* REQUIREMENT
Reproduce the entries shown below only from the line with "Halter buckle tie dye ruched mini dress" down to the line with "hombres camisa de", keeping both end lines and copying each one exactly.

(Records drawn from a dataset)
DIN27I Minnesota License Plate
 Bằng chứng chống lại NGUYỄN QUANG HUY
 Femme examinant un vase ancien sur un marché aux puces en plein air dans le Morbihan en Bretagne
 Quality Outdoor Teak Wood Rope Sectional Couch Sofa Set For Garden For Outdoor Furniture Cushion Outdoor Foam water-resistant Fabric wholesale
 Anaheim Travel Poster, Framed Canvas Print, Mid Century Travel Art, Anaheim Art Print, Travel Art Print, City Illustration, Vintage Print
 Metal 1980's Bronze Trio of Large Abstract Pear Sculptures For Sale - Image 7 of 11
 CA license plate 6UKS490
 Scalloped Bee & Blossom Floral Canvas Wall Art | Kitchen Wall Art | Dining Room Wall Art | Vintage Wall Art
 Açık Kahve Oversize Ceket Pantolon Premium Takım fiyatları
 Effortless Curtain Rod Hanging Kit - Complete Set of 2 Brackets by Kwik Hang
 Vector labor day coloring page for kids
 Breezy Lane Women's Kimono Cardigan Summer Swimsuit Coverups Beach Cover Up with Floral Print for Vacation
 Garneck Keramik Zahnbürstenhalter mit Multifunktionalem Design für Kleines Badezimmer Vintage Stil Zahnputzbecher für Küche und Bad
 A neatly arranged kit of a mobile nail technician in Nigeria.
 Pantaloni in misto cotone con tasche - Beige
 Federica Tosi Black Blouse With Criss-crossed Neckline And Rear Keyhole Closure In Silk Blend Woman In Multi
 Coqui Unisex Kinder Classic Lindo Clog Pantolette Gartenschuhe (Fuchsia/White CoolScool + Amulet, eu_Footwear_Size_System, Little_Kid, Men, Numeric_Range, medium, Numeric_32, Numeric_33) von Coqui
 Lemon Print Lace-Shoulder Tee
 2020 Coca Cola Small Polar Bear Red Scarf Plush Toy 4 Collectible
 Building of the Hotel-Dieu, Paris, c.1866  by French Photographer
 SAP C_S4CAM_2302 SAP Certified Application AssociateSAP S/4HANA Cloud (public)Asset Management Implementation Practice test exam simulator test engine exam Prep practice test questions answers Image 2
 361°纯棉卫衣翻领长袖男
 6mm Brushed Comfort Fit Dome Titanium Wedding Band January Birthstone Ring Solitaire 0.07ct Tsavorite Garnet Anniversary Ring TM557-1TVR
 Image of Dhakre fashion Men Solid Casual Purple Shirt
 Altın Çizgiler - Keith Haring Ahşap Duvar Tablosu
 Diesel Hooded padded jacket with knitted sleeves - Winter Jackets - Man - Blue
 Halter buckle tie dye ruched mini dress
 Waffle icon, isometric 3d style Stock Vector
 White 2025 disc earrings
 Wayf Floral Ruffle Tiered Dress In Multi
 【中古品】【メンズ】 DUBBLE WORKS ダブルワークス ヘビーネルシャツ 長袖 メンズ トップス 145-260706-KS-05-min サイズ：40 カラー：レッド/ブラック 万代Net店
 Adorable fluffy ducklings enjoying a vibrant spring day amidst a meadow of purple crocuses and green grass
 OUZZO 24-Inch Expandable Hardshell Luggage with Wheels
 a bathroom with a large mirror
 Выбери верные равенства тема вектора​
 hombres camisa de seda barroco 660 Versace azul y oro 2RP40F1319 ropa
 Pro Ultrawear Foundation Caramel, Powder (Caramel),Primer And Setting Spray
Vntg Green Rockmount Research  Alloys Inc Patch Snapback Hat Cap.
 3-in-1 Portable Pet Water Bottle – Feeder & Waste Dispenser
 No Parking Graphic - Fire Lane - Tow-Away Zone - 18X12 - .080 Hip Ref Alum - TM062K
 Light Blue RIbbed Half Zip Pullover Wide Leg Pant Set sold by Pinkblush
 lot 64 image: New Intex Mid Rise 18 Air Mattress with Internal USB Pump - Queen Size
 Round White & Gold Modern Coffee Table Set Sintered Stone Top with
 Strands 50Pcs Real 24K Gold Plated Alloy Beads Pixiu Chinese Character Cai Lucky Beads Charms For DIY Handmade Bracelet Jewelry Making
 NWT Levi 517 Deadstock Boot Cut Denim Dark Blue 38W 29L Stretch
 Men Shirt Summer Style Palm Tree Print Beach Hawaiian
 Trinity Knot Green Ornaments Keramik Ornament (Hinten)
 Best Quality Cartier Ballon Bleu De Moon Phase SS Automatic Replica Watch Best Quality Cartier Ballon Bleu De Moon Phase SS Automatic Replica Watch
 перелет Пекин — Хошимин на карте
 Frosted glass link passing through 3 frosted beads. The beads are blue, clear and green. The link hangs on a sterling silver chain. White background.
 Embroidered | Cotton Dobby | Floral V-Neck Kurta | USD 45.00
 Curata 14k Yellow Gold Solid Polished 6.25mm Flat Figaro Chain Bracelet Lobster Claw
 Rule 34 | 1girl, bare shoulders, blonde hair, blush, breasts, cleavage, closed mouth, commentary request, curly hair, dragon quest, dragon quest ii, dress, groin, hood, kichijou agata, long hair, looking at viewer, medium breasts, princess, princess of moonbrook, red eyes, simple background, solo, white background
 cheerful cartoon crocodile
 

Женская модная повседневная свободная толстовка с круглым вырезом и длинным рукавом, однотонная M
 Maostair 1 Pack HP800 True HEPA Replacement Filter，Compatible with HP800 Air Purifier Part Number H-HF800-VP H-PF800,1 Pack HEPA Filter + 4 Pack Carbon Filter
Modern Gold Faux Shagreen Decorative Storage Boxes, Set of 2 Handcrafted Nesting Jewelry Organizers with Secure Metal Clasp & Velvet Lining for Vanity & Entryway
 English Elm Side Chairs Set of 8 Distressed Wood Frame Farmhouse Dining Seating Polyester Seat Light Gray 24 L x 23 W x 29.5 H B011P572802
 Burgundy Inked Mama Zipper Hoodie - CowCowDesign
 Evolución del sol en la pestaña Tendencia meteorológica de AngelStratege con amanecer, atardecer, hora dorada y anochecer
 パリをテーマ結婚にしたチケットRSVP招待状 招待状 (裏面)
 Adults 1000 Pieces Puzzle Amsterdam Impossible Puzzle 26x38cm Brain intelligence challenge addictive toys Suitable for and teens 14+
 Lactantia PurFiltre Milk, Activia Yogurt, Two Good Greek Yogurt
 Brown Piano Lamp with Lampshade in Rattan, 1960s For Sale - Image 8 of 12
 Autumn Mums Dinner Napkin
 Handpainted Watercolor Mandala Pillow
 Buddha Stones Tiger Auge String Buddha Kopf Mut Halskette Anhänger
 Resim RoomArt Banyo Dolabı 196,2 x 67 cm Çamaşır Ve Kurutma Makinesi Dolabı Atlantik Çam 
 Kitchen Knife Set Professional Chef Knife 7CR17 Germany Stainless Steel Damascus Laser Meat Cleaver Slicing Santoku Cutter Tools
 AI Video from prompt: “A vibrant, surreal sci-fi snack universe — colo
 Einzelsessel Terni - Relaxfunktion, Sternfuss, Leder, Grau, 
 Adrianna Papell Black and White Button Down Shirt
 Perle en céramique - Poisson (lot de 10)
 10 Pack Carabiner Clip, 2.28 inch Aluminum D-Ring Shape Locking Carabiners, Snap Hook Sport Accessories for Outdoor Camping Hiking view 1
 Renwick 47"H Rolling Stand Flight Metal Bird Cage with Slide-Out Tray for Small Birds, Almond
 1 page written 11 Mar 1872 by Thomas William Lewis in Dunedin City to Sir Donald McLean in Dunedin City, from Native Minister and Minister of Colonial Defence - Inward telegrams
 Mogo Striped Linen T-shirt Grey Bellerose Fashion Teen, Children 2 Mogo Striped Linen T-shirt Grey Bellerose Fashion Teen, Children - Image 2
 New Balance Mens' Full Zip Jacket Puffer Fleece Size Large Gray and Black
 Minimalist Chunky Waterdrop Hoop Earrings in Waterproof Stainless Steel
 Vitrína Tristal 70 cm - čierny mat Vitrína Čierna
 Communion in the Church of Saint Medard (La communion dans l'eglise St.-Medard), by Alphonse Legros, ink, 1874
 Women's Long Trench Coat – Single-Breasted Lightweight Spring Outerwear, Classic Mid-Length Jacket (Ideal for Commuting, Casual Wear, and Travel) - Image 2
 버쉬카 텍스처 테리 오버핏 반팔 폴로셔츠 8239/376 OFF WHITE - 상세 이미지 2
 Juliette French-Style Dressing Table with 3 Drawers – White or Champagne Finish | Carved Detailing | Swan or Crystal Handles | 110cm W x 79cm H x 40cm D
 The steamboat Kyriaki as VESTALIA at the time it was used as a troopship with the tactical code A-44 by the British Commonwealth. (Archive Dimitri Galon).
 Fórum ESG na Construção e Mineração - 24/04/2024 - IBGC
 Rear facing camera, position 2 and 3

* TASK OUTPUT
 Halter buckle tie dye ruched mini dress
 Waffle icon, isometric 3d style Stock Vector
 White 2025 disc earrings
 Wayf Floral Ruffle Tiered Dress In Multi
 【中古品】【メンズ】 DUBBLE WORKS ダブルワークス ヘビーネルシャツ 長袖 メンズ トップス 145-260706-KS-05-min サイズ：40 カラー：レッド/ブラック 万代Net店
 Adorable fluffy ducklings enjoying a vibrant spring day amidst a meadow of purple crocuses and green grass
 OUZZO 24-Inch Expandable Hardshell Luggage with Wheels
 a bathroom with a large mirror
 Выбери верные равенства тема вектора​
 hombres camisa de seda barroco 660 Versace azul y oro 2RP40F1319 ropa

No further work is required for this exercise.